PROBLEM TO SOLVE: Write out the data again exactly, skipping every picture.

DATA EXTRACT:
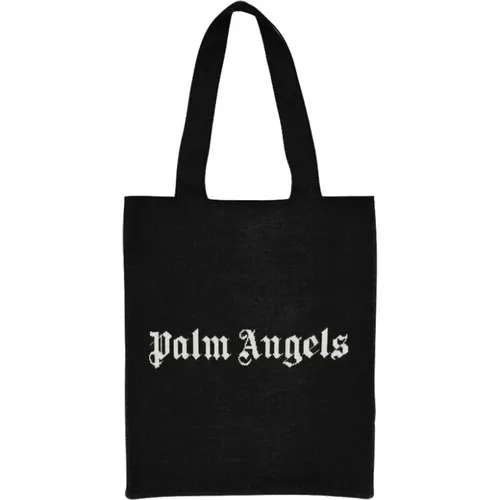 Logo Tote Tasche , Damen, Größe: ONE Size - Palm Angels - Modalova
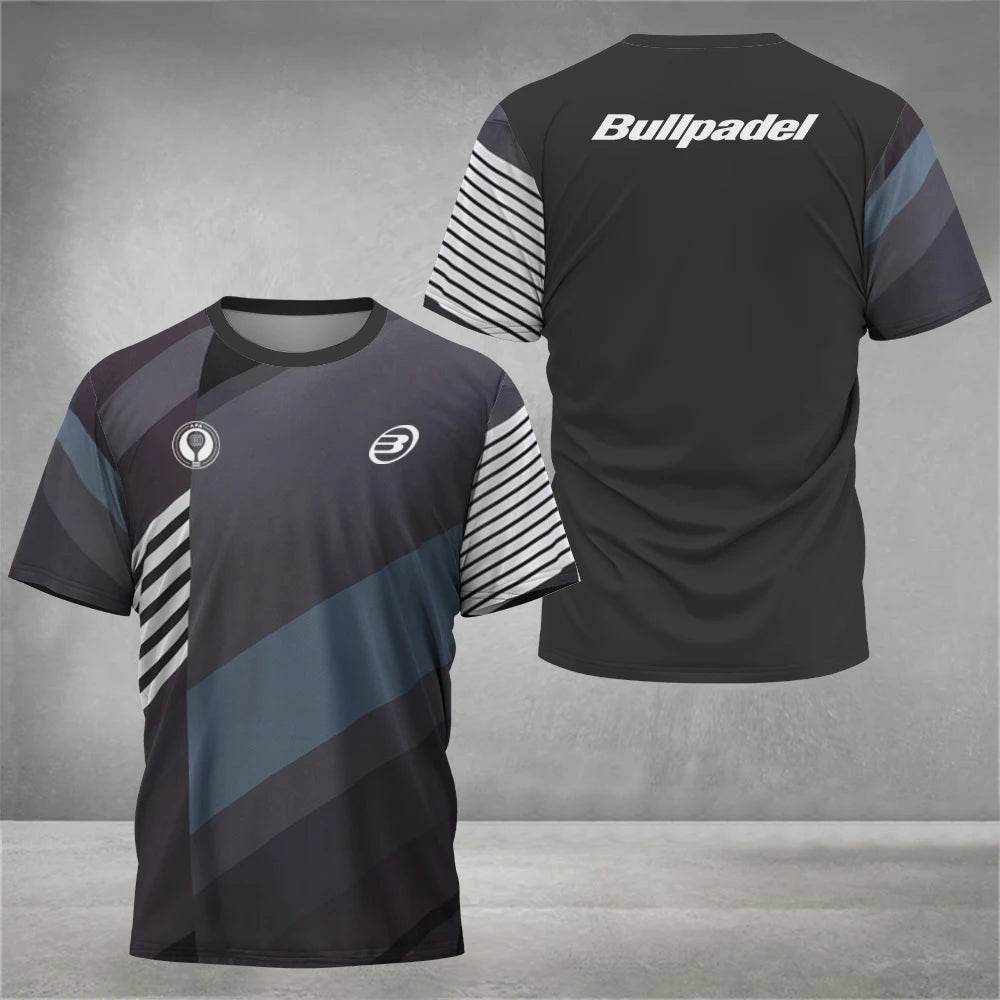 Cool Padel Men's Breathable Quick Dry Summer Tee - Casual & Lightweight - Buy Center US
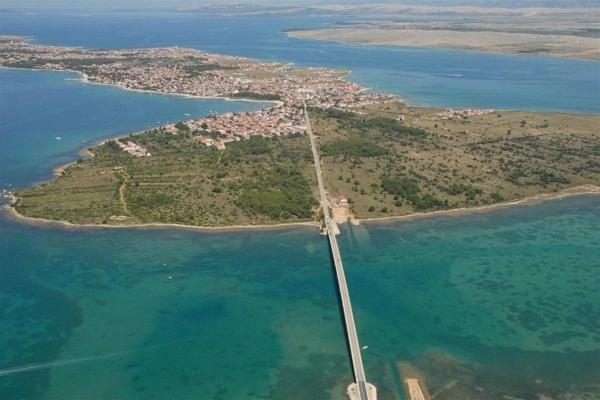 Apatmani Peternel Διαμέρισμα Vir Εξωτερικό φωτογραφία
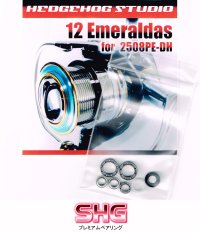 12 Emeraldas 2508PE-DH Full Bearing Kit 【SHG】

EXPECTED ANSWER:
 Logo Tote Tasche , Damen, Größe: ONE Size - Palm Angels - Modalova
 Cool Padel Men's Breathable Quick Dry Summer Tee - Casual & Lightweight - Buy Center US
 Apatmani Peternel Διαμέρισμα Vir Εξωτερικό φωτογραφία
 12 Emeraldas 2508PE-DH Full Bearing Kit 【SHG】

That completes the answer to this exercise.